Top of ENTRIES SUPPLIED

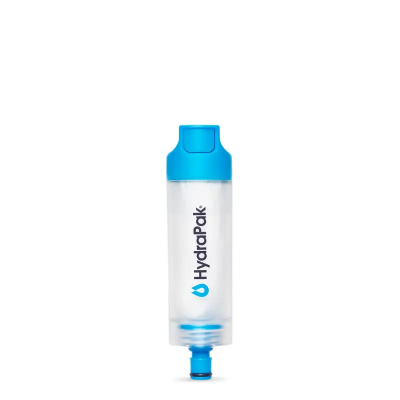 Hydrapak 28mm Pnp Inline Filter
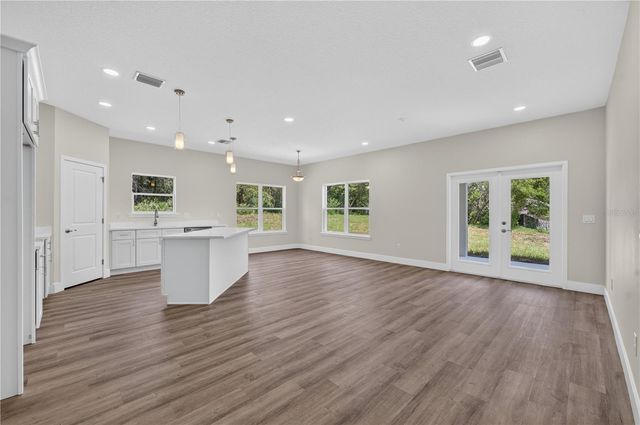 631 S ANCHOR DRIVE, Deltona, FL 32725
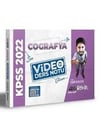 Hoca Webde 2022 Kpss Coğrafya Video Ders NotuHoca Webde 2022 KPSS Coğrafya Video Ders Notu - Kirtasiyem.netKPSS Hazırlık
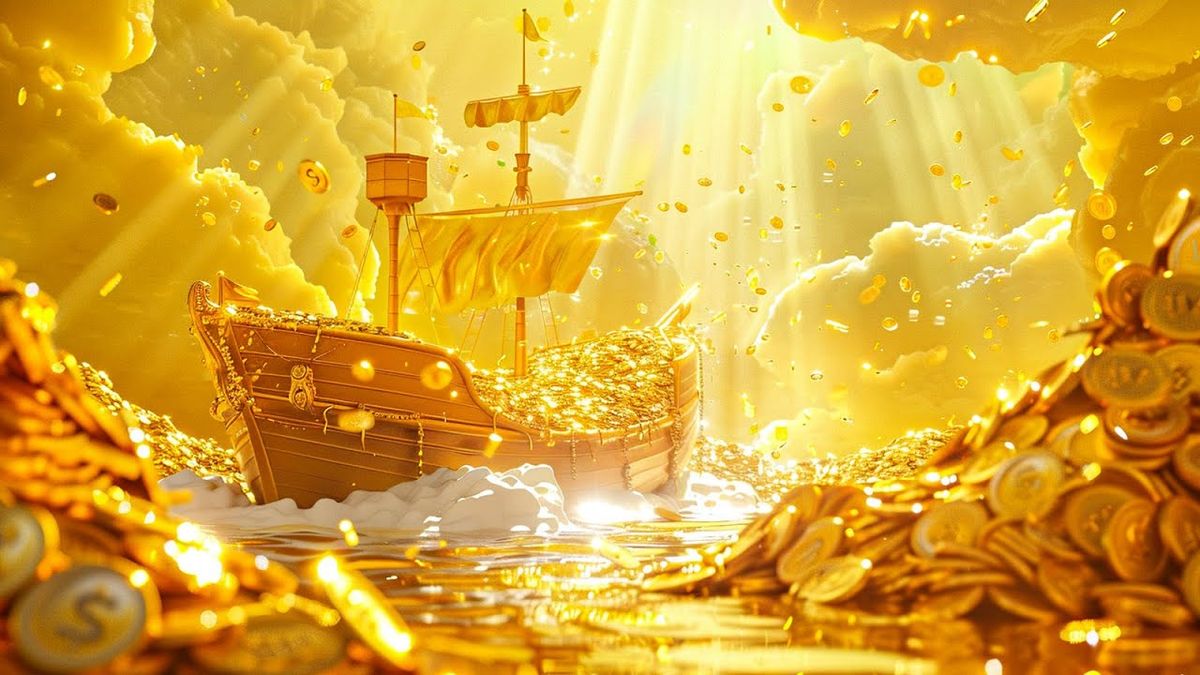 777AD Game Welcome Bonus
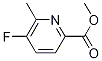 5--6-׻़Y(ji)(gu)ʽ_1245647-61-3Y(ji)(gu)ʽ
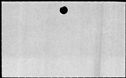 00964926.jpg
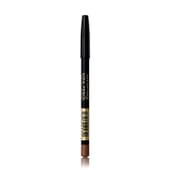Kohl Eyeliner Pencil #040 Taupe di Max Factor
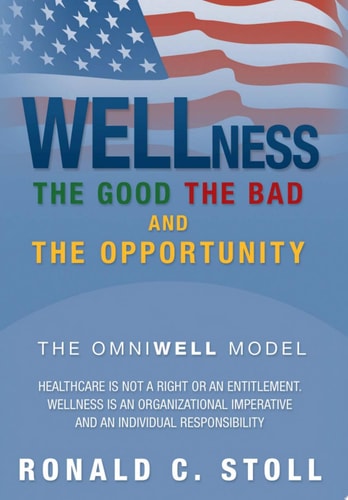 Wellness The Good the Bad and the Opportunity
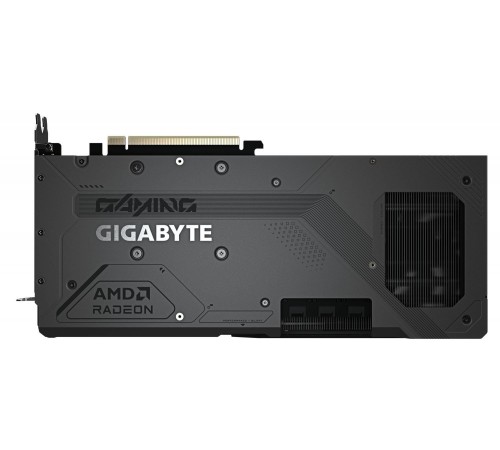 Відеокарта AMD Radeon RX 9070 XT 16GB GDDR6 Gaming OC Gigabyte (GV-R9070XTGAMING OC-16GD)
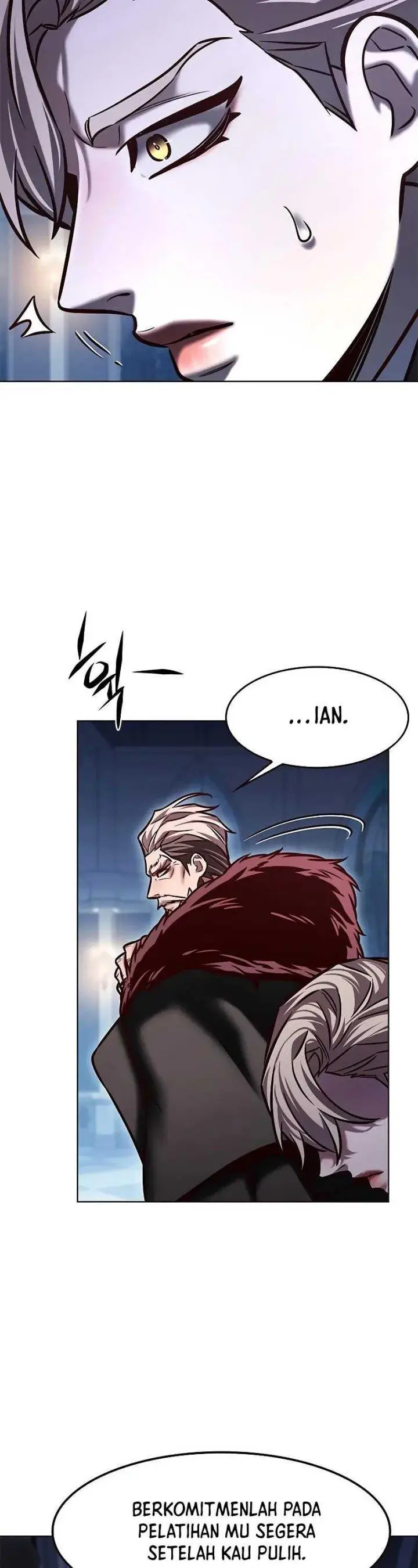 image-komik-eleceed-chapter-290-13/55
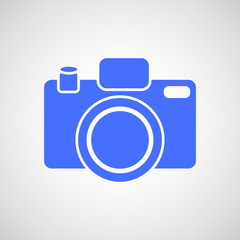 camera icon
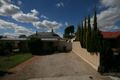 Property photo of 24 Walnut Street Old Reynella SA 5161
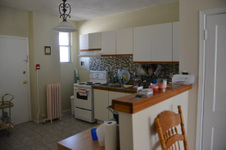Enlarge photo 31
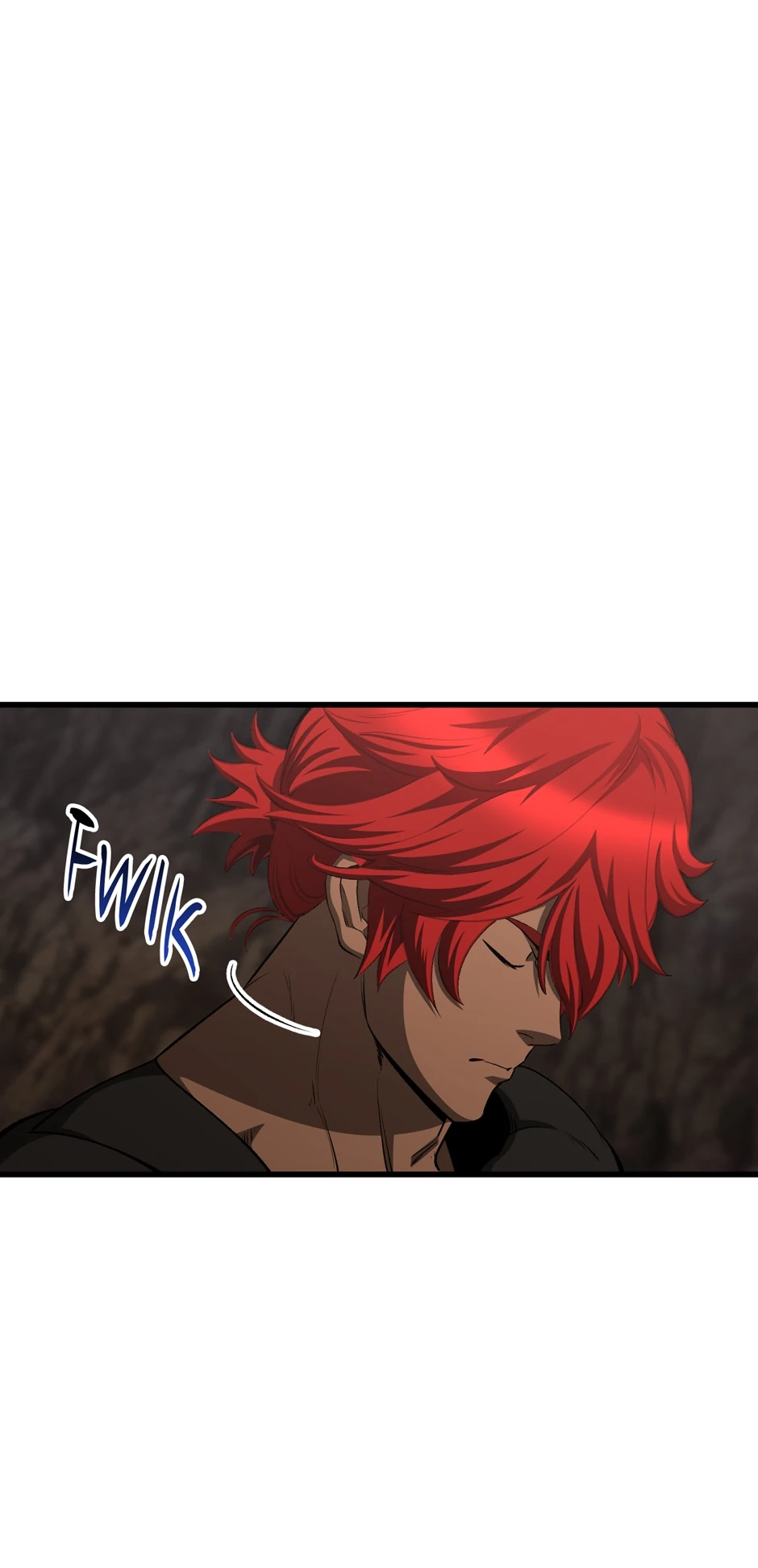 Survival Story of a Sword King in a Fantasy World Chapter 231 - Page 47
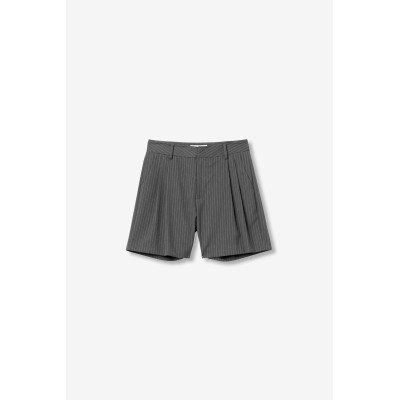 Calções não Denim Suky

Bottom of ENTRIES SUPPLIED

:: EXERCISE ::
In your reply, please set down exactly the lines from the one containing "631 S ANCHOR DRIVE, Deltona, FL 32725" through the end of the records, with the pictures left out.

:: WRITTEN ANSWER ::
 631 S ANCHOR DRIVE, Deltona, FL 32725
 Hoca Webde 2022 Kpss Coğrafya Video Ders NotuHoca Webde 2022 KPSS Coğrafya Video Ders Notu - Kirtasiyem.netKPSS Hazırlık
 777AD Game Welcome Bonus
 5--6-׻़Y(ji)(gu)ʽ_1245647-61-3Y(ji)(gu)ʽ
 00964926.jpg
Kohl Eyeliner Pencil #040 Taupe di Max Factor
 Wellness The Good the Bad and the Opportunity
 Відеокарта AMD Radeon RX 9070 XT 16GB GDDR6 Gaming OC Gigabyte (GV-R9070XTGAMING OC-16GD)
 image-komik-eleceed-chapter-290-13/55
 camera icon
 Property photo of 24 Walnut Street Old Reynella SA 5161
Enlarge photo 31
 Survival Story of a Sword King in a Fantasy World Chapter 231 - Page 47
 Calções não Denim Suky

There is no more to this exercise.